It's worth reading through the comments on the original link
My favourite explaination of the question was this one
Another restatement of the problem for those who don’t get it:

“Bob and Sue played exactly one game with a fair in a closed room (but with a video camera to verify the result). They come out and report that Bob won the game (he rolled a 6 before Sue). Now Alice (who did not see the game) pipes up: “I will bet $10 against your $50 that won it on his 2nd turn! Any takers?” (This means if Bob won on his 2nd turn, then you pays $40, otherwise she pays you $10).

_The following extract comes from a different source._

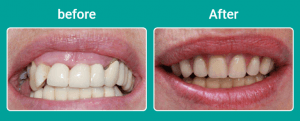 Before and after dental implant treatment, showing a gap in the upper teeth restored with a matching replacement tooth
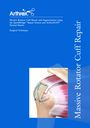 Massive Rotator Cuff Repair and Augmentation using the SpeedBridge™ and ArthroFlex™ Dermal Matrix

Please assume that there is no cheating, and Alice has no information that you do not have.

Is it a good bet to take? At exactly what payout is it an even bet?

If you believe the probability is 1/6 or 5/36 or 125/1296, you will think this is a good bet, because although you wager 5 times as much, you are at least 5 times as likely to win. If the probability is 1/6, then you win 5 times out of 6, while Alice wins 1 time out of 6, so 10:50 is an even bet. If the odds are 125/1296, they you are more than 9 times as likely to win as Alice, but you are wagering only 5 times as much!

Alice must have miscalculated! What a rube! Take the bet!

Alice, however, has calculated the probability as 275/1296, approximately 21%. Alice thus that you are slightly less than 4 times as likely to win (you win about 79% of the time, and Alice wins about 21% of the time), but you would be risking 5 times as much money.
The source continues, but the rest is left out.